Tuesday, April 05, 2011

GreenBkk.com Tech | That 'Gmail Motion' prank? These folks made it real

That 'Gmail Motion' prank? These folks made it real

By Doug Gross, CNN
April 4, 2011 4:37 p.m. EDT | Filed under: Web


The system is silly but the software is real when a USC tech group mimicks Google's "Gmail Motion" April Fool's prank.

(CNN) -- Maybe there aren't as many fools out there as Google thought.

As part of its yearly barrage of April Fools' Day pranks, Google last week "announced" the beta release of Gmail Motion.

The fictitious feature spoofed the advent of motion-sensor technology in gaming and other digital fields, supposedly letting users type and send e-mail with a series of often silly-looking full-body movements.

The response from the University of Southern California's Institute for Creative Technologies? Why stop with just a joke?

In a video posted to YouTube, members of the Institute, which specializes in interactive digital media, shows off a system that does pretty much what Google's gag describes.

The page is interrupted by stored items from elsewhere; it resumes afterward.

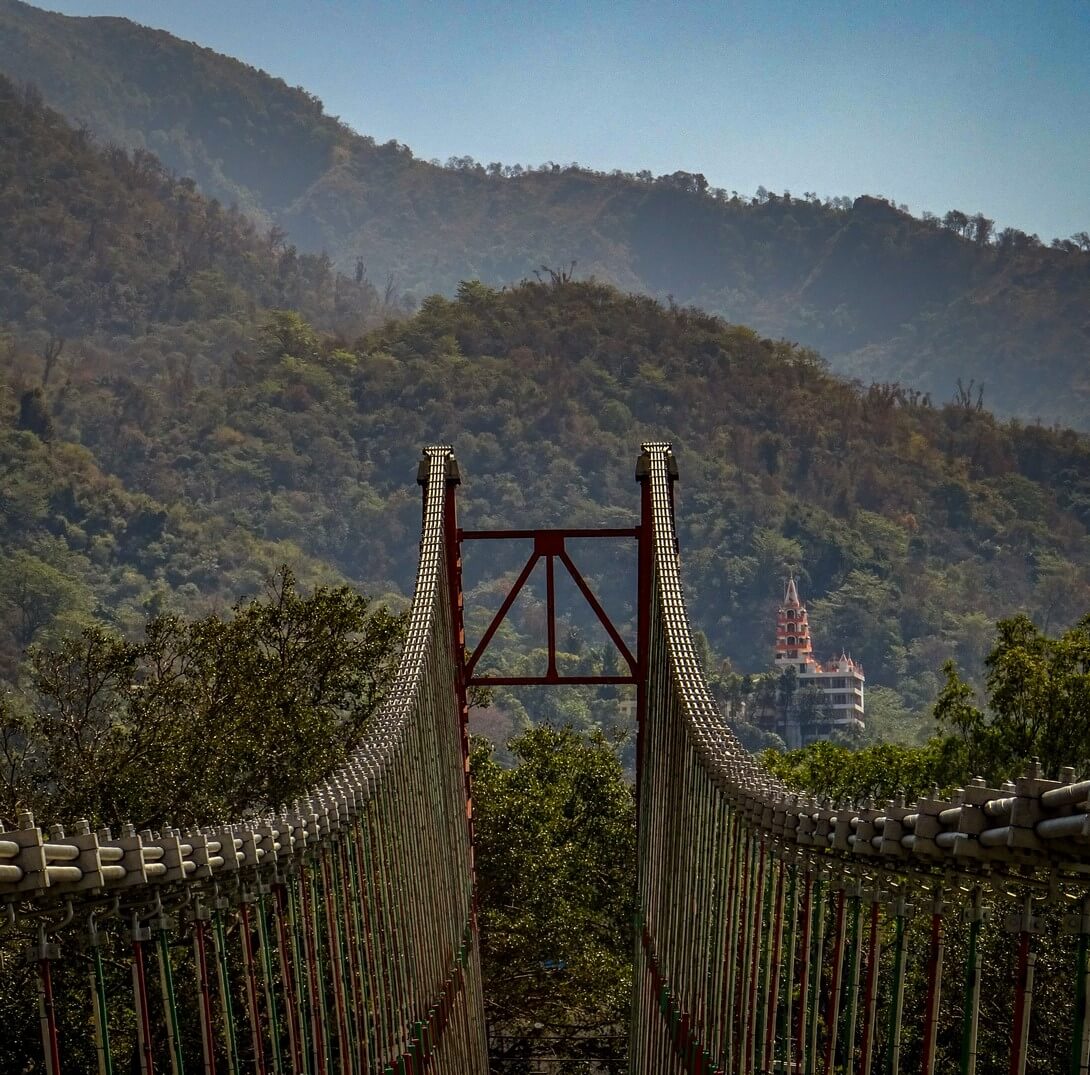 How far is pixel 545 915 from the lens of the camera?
2947 centimetres

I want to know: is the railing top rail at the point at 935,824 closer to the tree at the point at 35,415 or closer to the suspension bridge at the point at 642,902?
the suspension bridge at the point at 642,902

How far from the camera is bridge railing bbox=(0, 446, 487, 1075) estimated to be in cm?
774

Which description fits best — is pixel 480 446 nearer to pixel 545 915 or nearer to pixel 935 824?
pixel 545 915

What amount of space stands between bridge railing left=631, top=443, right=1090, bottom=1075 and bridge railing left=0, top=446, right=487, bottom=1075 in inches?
77.0

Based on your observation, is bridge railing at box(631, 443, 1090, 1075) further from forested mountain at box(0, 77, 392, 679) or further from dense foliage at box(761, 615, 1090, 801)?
forested mountain at box(0, 77, 392, 679)

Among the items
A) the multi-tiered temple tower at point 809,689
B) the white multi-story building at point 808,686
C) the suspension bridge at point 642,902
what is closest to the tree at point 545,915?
the suspension bridge at point 642,902

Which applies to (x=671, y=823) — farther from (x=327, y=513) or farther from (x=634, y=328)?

The project uses the sensor from Microsoft's Kinect gaming system for the Xbox.

Of course the project is also done with tongue firmly in cheek. Take its name, the Software Library Optimizing Obligatory Waving (SLOOW).

"This application is pretty ridiculous," reads text at the end of the video, which had been viewed more than 230,000 times as of Monday afternoon. "However, the software powering it is real."

The name is based on the actual system the Institute's MxR (Mixed Reality) group used to create it -- the Flexible Action and Articulated Skeleton Toolkit, or FAAST.

In the video, researcher Evan Suma mimics motions from Google's spoof video. He opens e-mail with a motion similar to opening a book. He replies to a message by jerking a thumb over his shoulder and sends one by -- ridiculously -- going through the motions of licking a stamp and sticking it on a letter.

"I can't keep a straight face," Suma says, breaking out in laughter as he waves at the end of the video.

So, a way to make e-mail as difficult as a game of volleyball and as silly-looking as mime school has become reality.

Now, can somebody get to work on "Angry Nerds?"